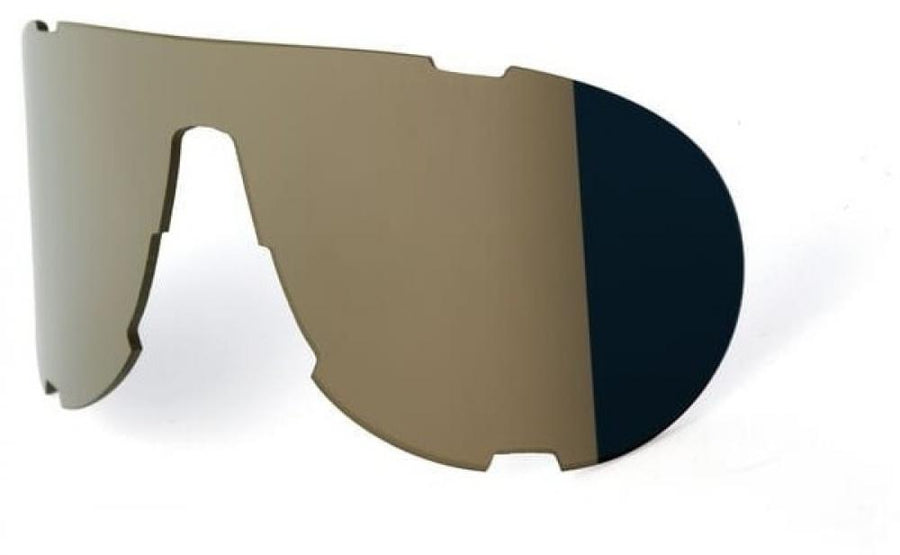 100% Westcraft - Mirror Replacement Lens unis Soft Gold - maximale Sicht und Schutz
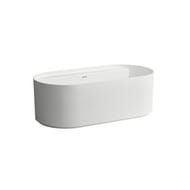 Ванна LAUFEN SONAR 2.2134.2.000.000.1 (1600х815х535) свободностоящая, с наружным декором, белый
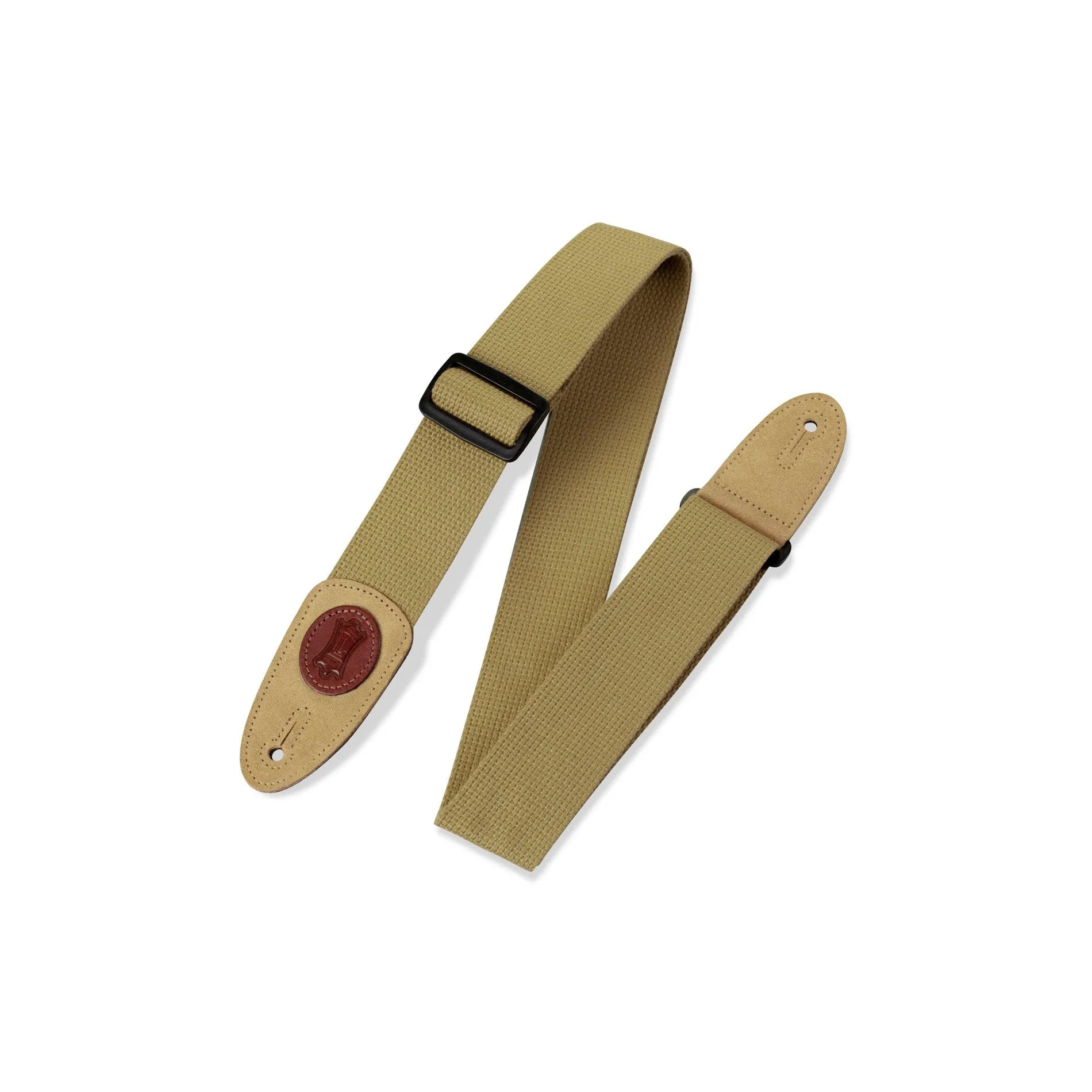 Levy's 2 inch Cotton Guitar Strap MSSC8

TASK PROMPT> The response should reproduce all the material above exactly and leave out its pictures.

SOLUTION>
 100% Westcraft - Mirror Replacement Lens unis Soft Gold - maximale Sicht und Schutz
 Ванна LAUFEN SONAR 2.2134.2.000.000.1 (1600х815х535) свободностоящая, с наружным декором, белый
 Levy's 2 inch Cotton Guitar Strap MSSC8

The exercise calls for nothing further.